Lisa Cook is confirmed as a new Fed governor.

The Senate confirmed Lisa D. Cook as a Federal Reserve governor on Tuesday, making her the first Black woman to hold that influential policy post.

Her confirmation came after Vice President Kamala Harris broke a 50-to-50 tie in the Senate, moving the Biden administration one step closer to reshaping the leadership team at the central bank.

Ms. Cook, an economist at Michigan State University who has researched racial disparities and labor markets, was nominated alongside a slate of other officials — the White House had a chance to fill two open governor positions and to pick a new chair, vice chair and vice chair for supervision at the central bank.

Lael Brainard, President Biden’s pick for Fed vice chair, is the only one of his Fed nominees who had already been confirmed.

Mr. Biden has also nominated Philip N. Jefferson, an academic economist and administrator at Davidson College, and he has renominated Jerome H. Powell as Fed chair. His initial nominee for the Fed vice chair for supervision, Sarah Bloom Raskin, withdrew from consideration amid Republican and some Democratic opposition. Michael S. Barr was put up for the job more recently, and he still awaits a nomination hearing.

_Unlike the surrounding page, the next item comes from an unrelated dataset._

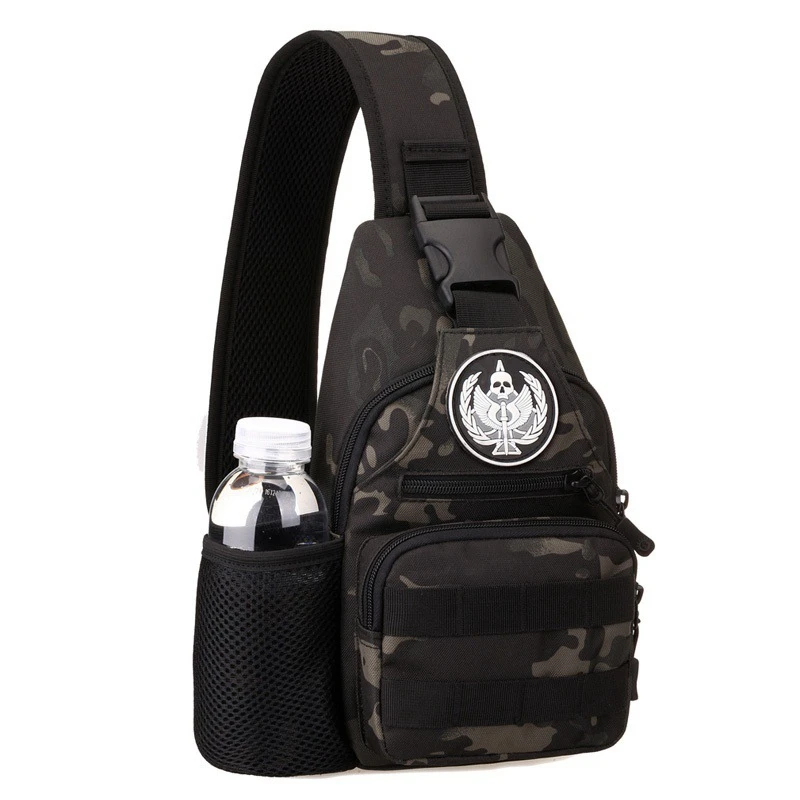Nylon Tactical Men Chest Pack Single Shoulder Bags USB Charging Chest Bag Crossbody Bags Male Anti Theft Single Strap Back Bag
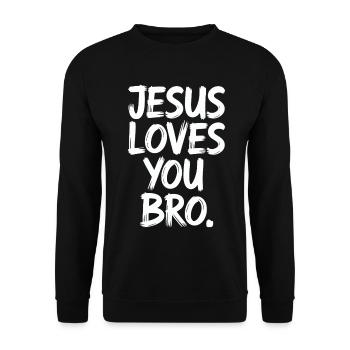 Jesus Loves You Brother Inspirational Message - Unisex Sweatshirt - black - Front - Alina (178cm) & Michal (187cm)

If those additional nominees are confirmed, Mr. Biden will have nominated or renominated five of the Fed’s seven governors. The Fed is independent of politics, so those appointments are the main way that the White House can shape the future of monetary policy, which is used to keep inflation stable and employment high.

Governors at the Fed’s board in Washington hold constant votes on monetary policy and oversee the nation’s largest banks. They set interest rates to guide the economy alongside 12 regional reserve bank presidents, five of whom hold a vote at any given time.

The Fed is now battling stubbornly high inflation, and Mr. Biden’s nominees to the board are likely to stick to the course the central bank has already begun to chart. The Fed raised interest rates at its meeting in March and made an even bigger rate increase at its meeting last week. It will also imminently begin to shrink its balance sheet of bond holdings in a bid to push up longer-term interest rates and further slow the economy.

By making money more expensive to borrow, the Fed is trying to slow down spending and hiring, which could allow inflation to moderate over time as supply catches up with demand. During their hearings, the nominees all made it clear that they were committed to bringing down high inflation.

“High inflation is a grave threat to a long, sustained expansion, which we know raises the standard of living for all Americans and leads to broad-based, shared prosperity,” Ms. Cook said during her testimony. “That is why I am committed to keeping inflation expectations well anchored.”

Ms. Cook has a doctorate in economics from the University of California, Berkeley. She has a history of mentoring younger economists, including through the American Economic Association Summer Program, which aims to increase diversity in the field of economics.